Collected data entries
------------------------------------------------

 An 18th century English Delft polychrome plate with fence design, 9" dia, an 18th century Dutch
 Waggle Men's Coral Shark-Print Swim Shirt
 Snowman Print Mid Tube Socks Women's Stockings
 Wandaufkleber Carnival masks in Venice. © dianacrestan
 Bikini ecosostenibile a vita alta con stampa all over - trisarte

------------------------------------------------

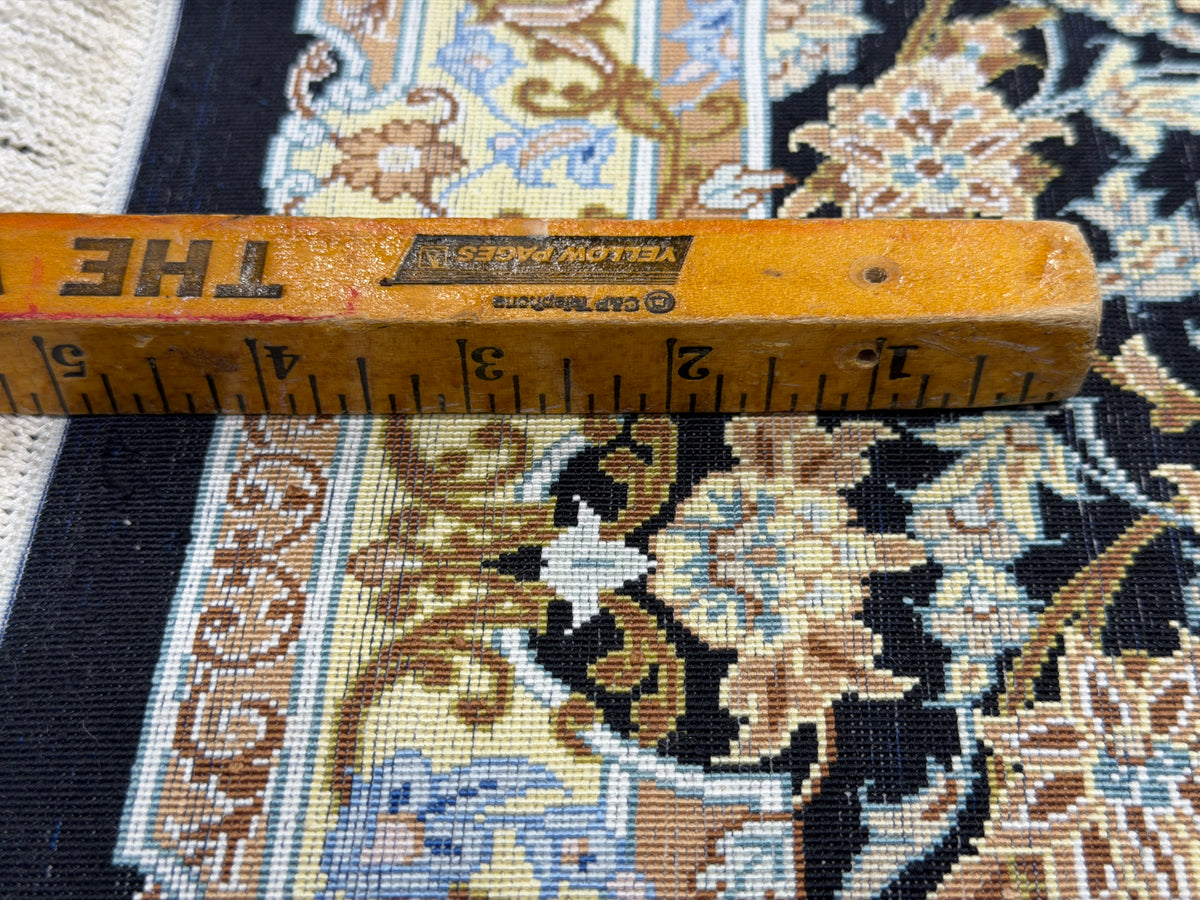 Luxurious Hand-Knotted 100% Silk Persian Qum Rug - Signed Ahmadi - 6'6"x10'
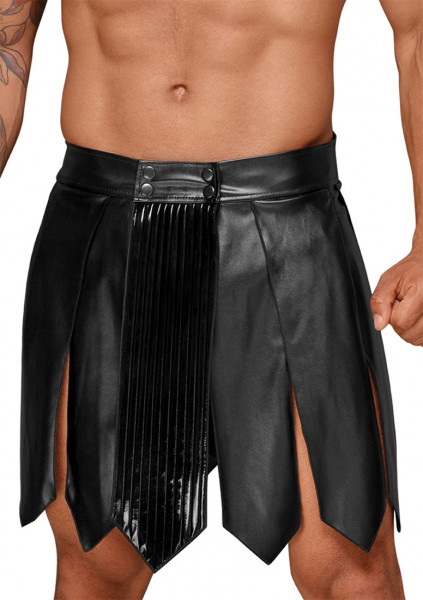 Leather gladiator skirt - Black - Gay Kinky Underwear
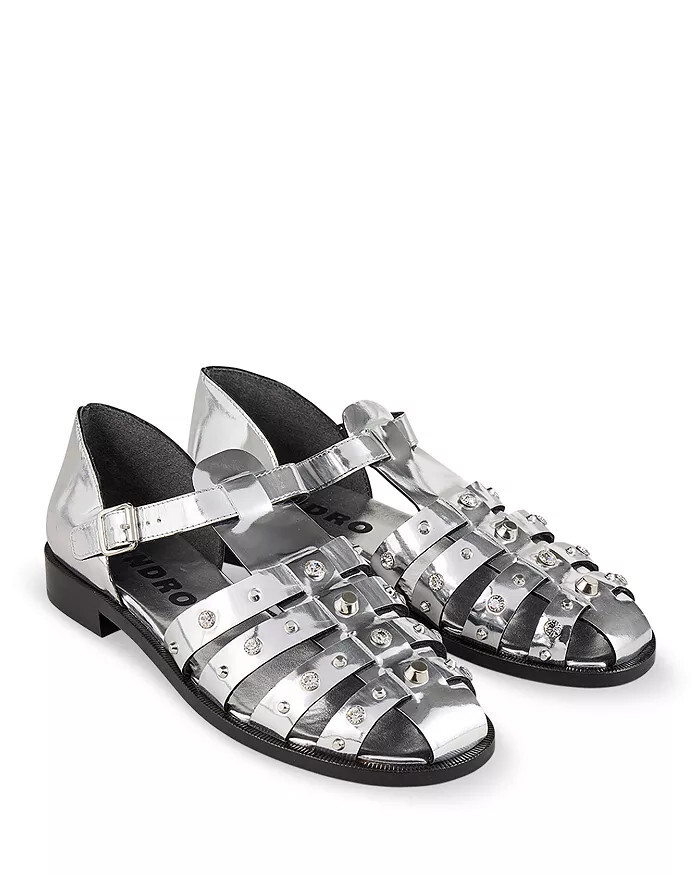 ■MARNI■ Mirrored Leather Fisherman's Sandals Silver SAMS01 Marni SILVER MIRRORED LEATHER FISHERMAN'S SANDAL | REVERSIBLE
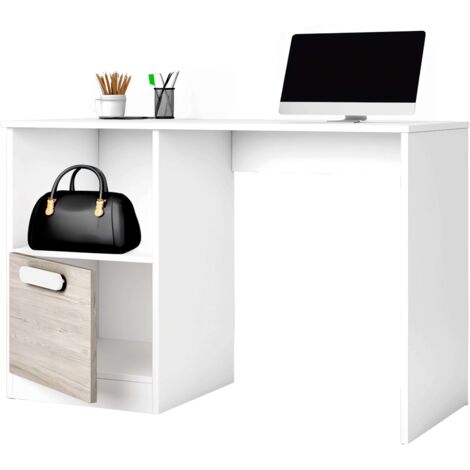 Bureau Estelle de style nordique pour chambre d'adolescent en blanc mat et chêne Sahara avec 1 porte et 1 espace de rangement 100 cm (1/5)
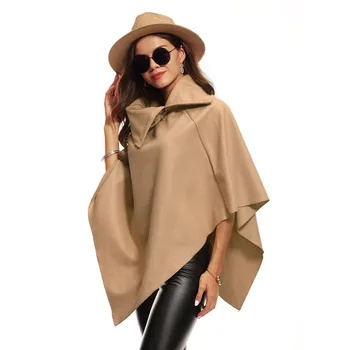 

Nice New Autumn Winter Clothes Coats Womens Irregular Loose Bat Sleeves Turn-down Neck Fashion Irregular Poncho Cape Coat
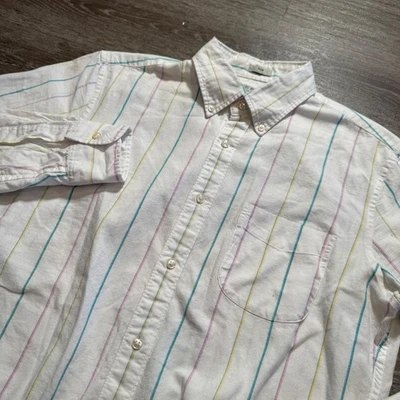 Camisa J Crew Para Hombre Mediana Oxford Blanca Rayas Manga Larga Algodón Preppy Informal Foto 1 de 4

------------------------------------------------

Task details
Search the data for "Print". Copy every matching line.

Response to the exercise
 Waggle Men's Coral Shark-Print Swim Shirt
 Snowman Print Mid Tube Socks Women's Stockings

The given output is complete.